■ What you should do
Your task is to extract every entry that follows word for word while excluding the pictures.

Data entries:
# # #

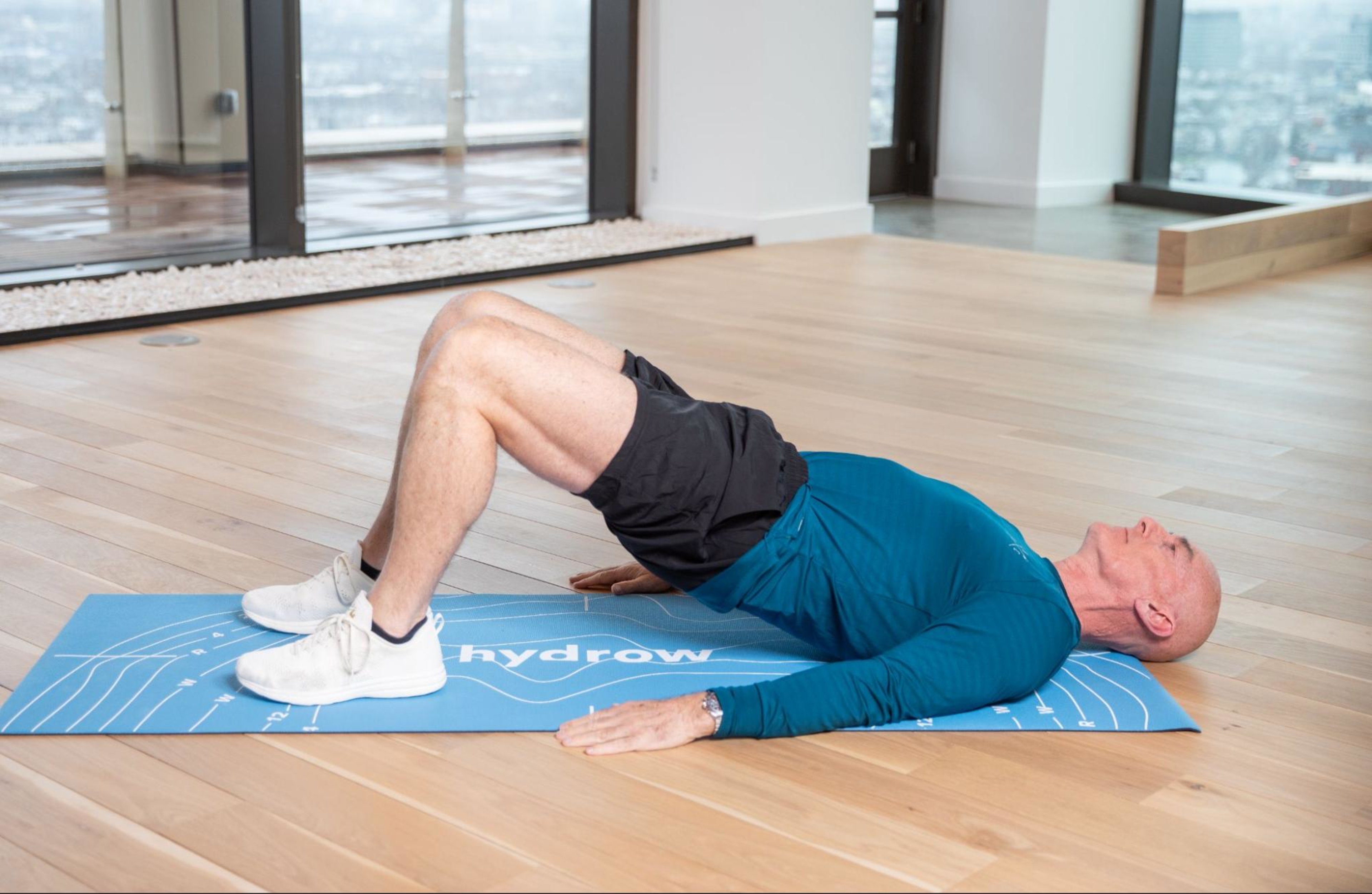 Hydrow Athlete demonstrates how to do a glute bridge, a type of low-impact strength training exercise.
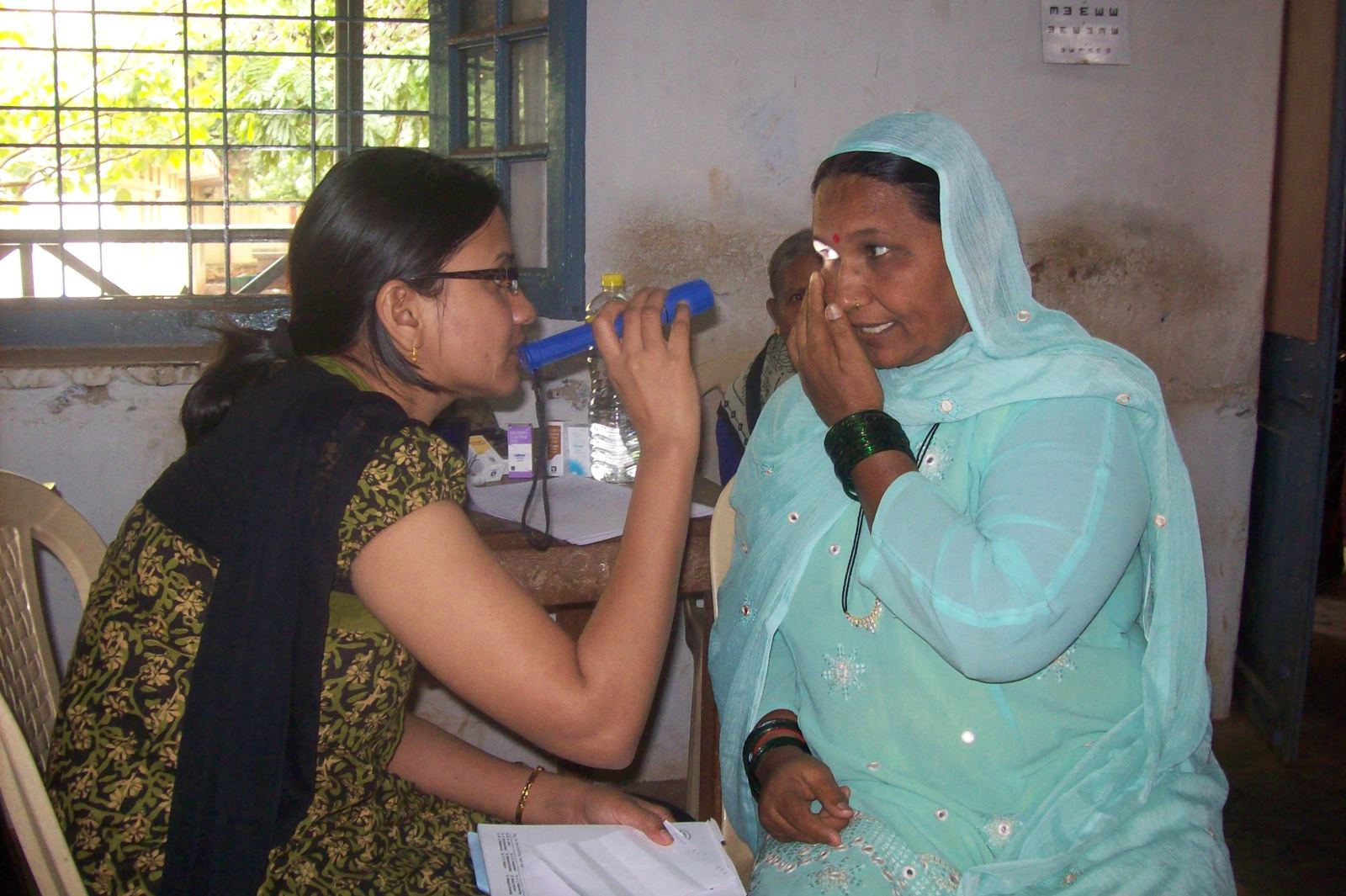 A woman in a turquoise headscarf covers one eye while a young woman holds a torch to check her vision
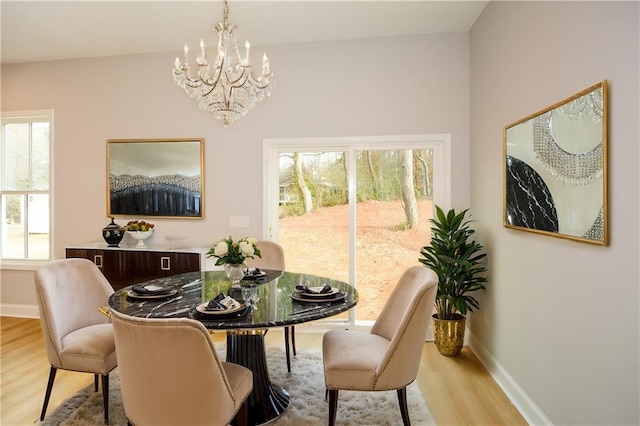 dining room with plenty of natural light, a chandelier, and light wood-type flooring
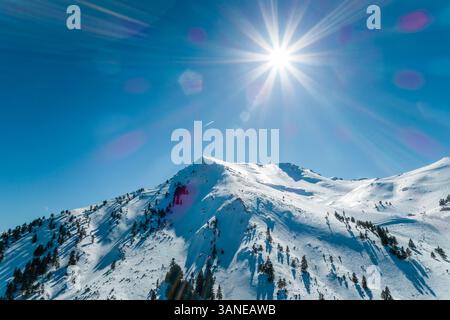 Blick aus der Vogelperspektive auf die Sonne, die über den schneebedeckten Gebirgszug des Erymanthos scheint, Griechenland Stockfoto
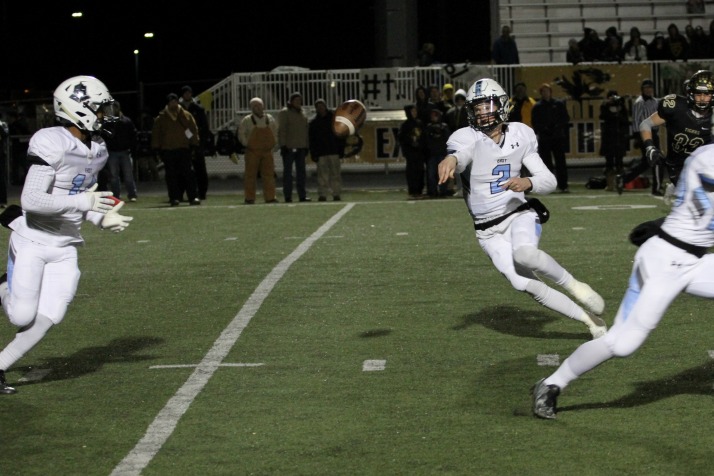Senior quarterback Luke Kaiser pitches a ball to senior running back Nigil Houston, who scored twice on the night. Houston scored the game-tying touchdown with a minute left as the Lancers were able to convert a two-point conversion.
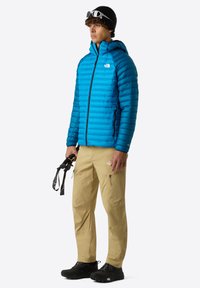 Blå puffjacka med horisontell quiltning, fickor med blixtlås och huva, ihop med beige cargobyxor och svarta skor. Individen håller klättringsutrustning.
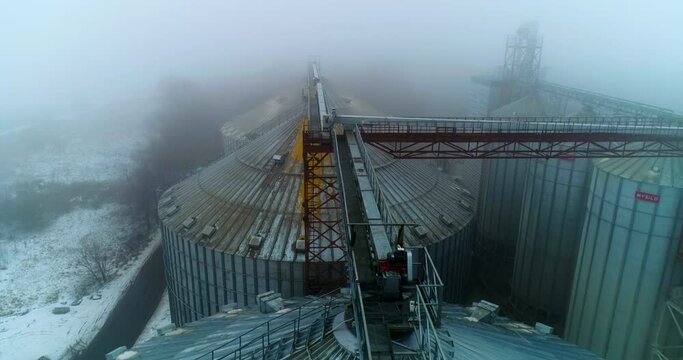 Flying over the tops of metal granary elevators. Huge tanks standing close and connected by supports. Foggy winter day backdrop.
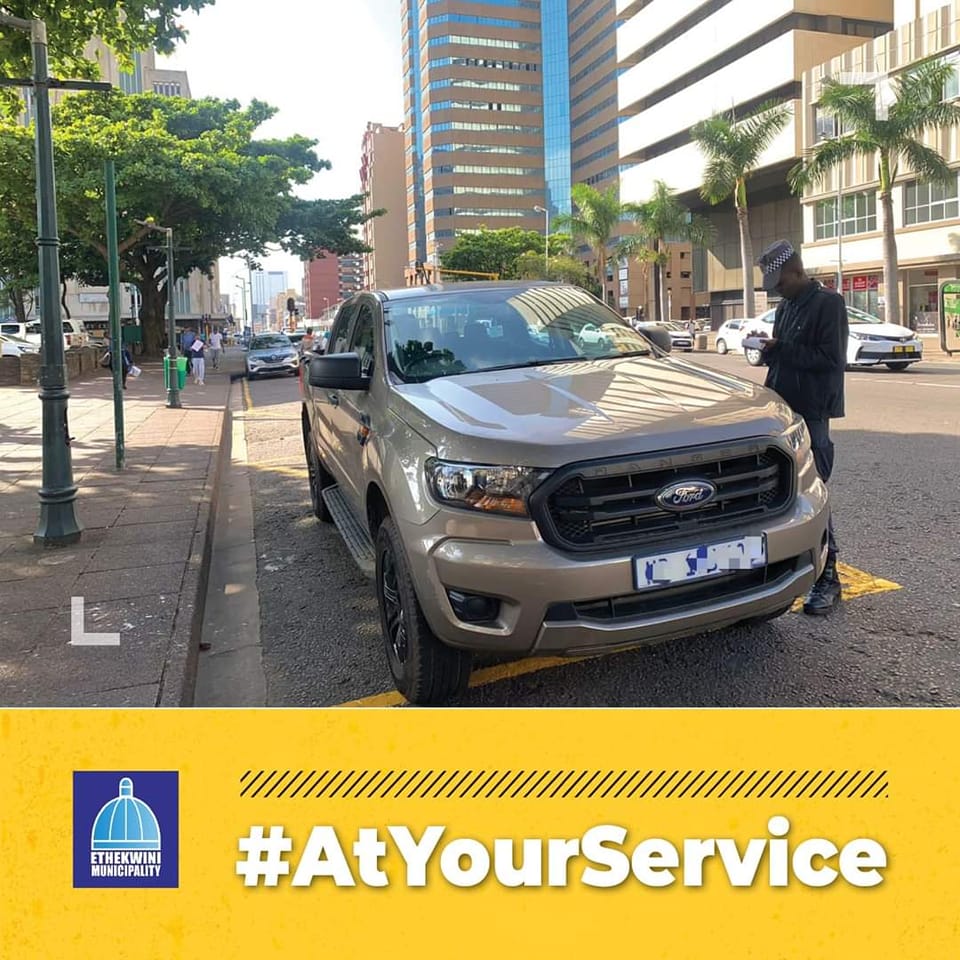 Metro Police officer issue a fine to a vehicle parked in a disabled parking bay and not having a visible motor license disc in Durban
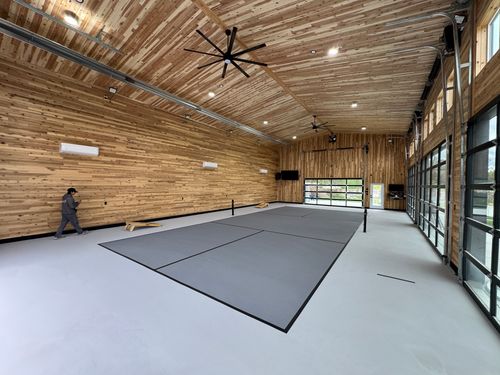 Indoor sports court with gray playing area, wood-paneled walls, ceiling fans, and glass garage doors.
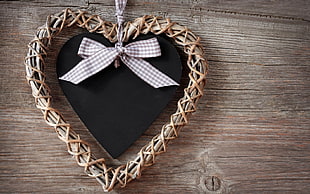 heart brown wreath with black ornament on wooden surface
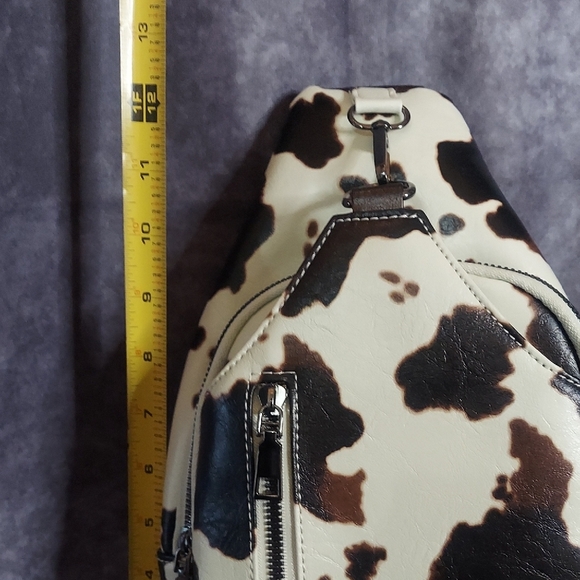 LNWOT Sam and Hadley Studded Cow Print Sling Backpack Faux Leather Brown White main image 7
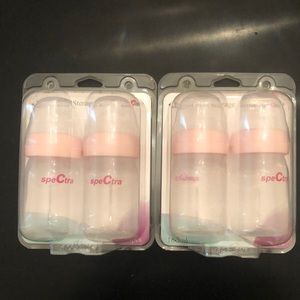 Two sets of Spectra storage bottles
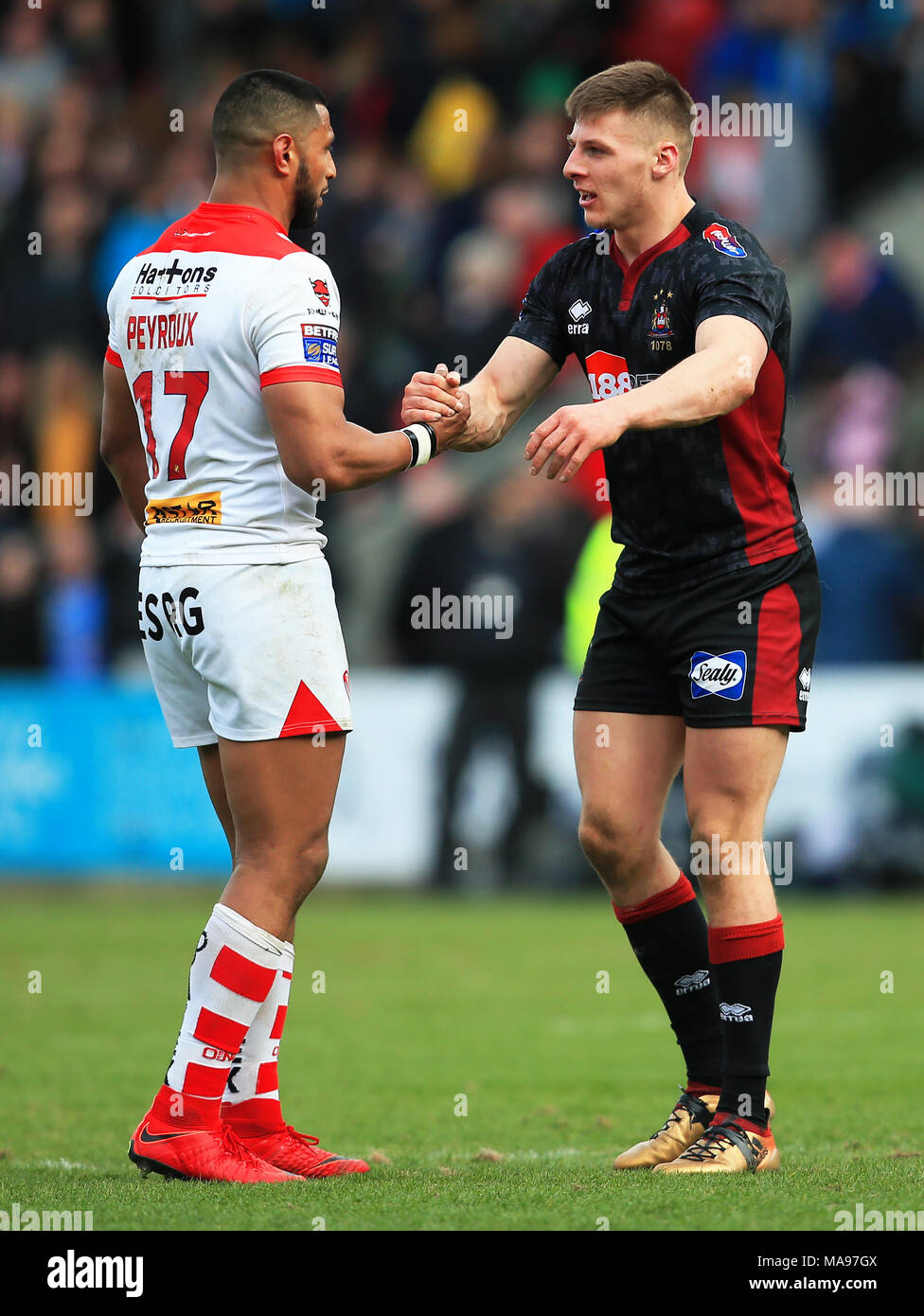 St Helens' Dominique Peyroux shakes hands with Wigan Warriors' Tom Davies  during the Super League match at the Totally Wicked Stadium, St Helens.  PRESS ASSOCIATION Photo. Picture date: Friday March 30, 2018.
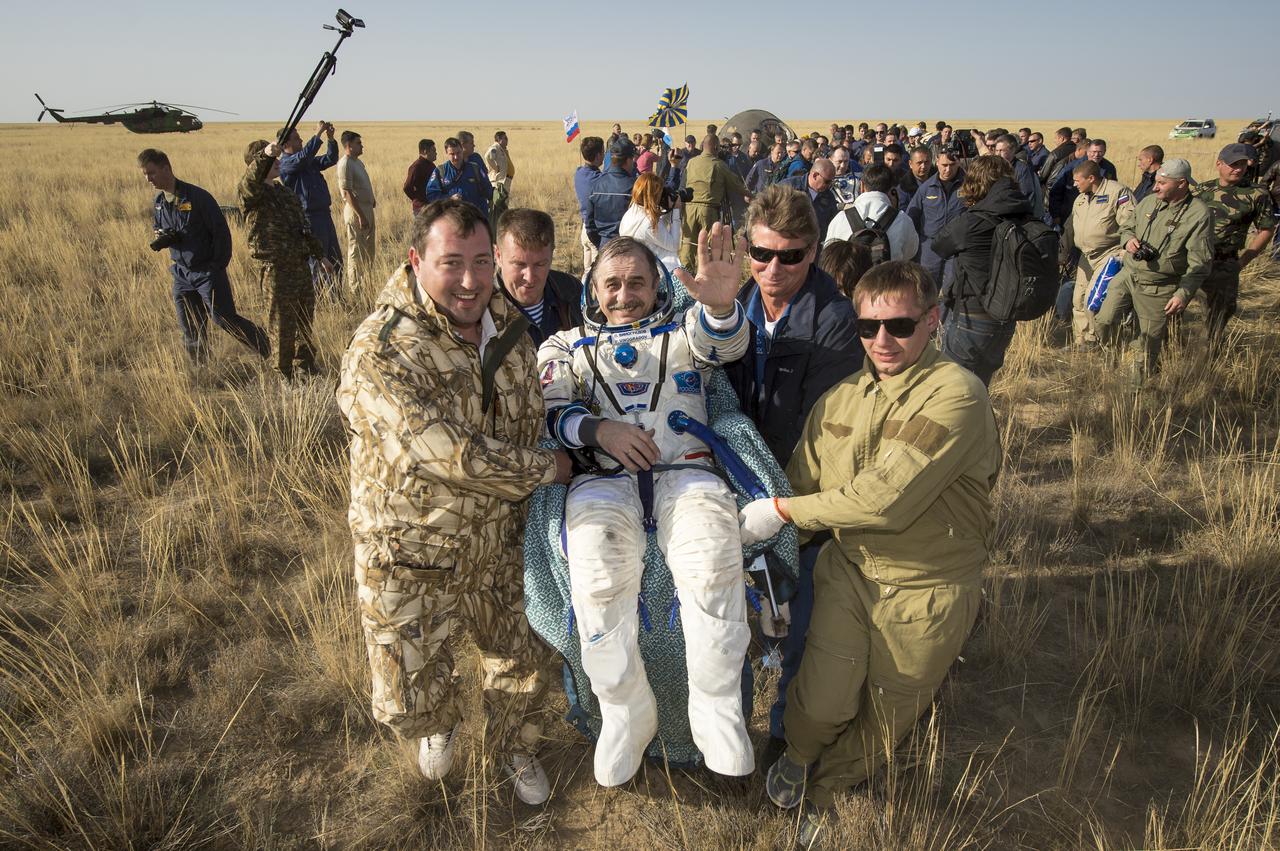 Expedition 36 Commander Pavel Vinogradov of the Russian Federal Space Agency (Roscosmos) is carried to the medical tent shortly after he and, Flight Engineer Alexander Misurkin of Roscosmos and Flight Engineer Chris Cassidy of NASA landed in their Soyuz TMA-08M capsule in a remote area near the town of Zhezkazgan, Kazakhstan, on Wednesday, Sept. 11, 2013. Vinogradov, Misurkin and Cassidy returned to Earth after five and a half months on the International Space Station. Photo Credit: (NASA/Bill Ingalls)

# # #

■ Result of this task
 Hydrow Athlete demonstrates how to do a glute bridge, a type of low-impact strength training exercise.
 A woman in a turquoise headscarf covers one eye while a young woman holds a torch to check her vision
 dining room with plenty of natural light, a chandelier, and light wood-type flooring
 Blick aus der Vogelperspektive auf die Sonne, die über den schneebedeckten Gebirgszug des Erymanthos scheint, Griechenland Stockfoto
Senior quarterback Luke Kaiser pitches a ball to senior running back Nigil Houston, who scored twice on the night. Houston scored the game-tying touchdown with a minute left as the Lancers were able to convert a two-point conversion.
 Blå puffjacka med horisontell quiltning, fickor med blixtlås och huva, ihop med beige cargobyxor och svarta skor. Individen håller klättringsutrustning.
 Flying over the tops of metal granary elevators. Huge tanks standing close and connected by supports. Foggy winter day backdrop.
 Metro Police officer issue a fine to a vehicle parked in a disabled parking bay and not having a visible motor license disc in Durban
 Indoor sports court with gray playing area, wood-paneled walls, ceiling fans, and glass garage doors.
 heart brown wreath with black ornament on wooden surface
 LNWOT Sam and Hadley Studded Cow Print Sling Backpack Faux Leather Brown White main image 7
 Two sets of Spectra storage bottles
 St Helens' Dominique Peyroux shakes hands with Wigan Warriors' Tom Davies  during the Super League match at the Totally Wicked Stadium, St Helens.  PRESS ASSOCIATION Photo. Picture date: Friday March 30, 2018.
 Expedition 36 Commander Pavel Vinogradov of the Russian Federal Space Agency (Roscosmos) is carried to the medical tent shortly after he and, Flight Engineer Alexander Misurkin of Roscosmos and Flight Engineer Chris Cassidy of NASA landed in their Soyuz TMA-08M capsule in a remote area near the town of Zhezkazgan, Kazakhstan, on Wednesday, Sept. 11, 2013. Vinogradov, Misurkin and Cassidy returned to Earth after five and a half months on the International Space Station. Photo Credit: (NASA/Bill Ingalls)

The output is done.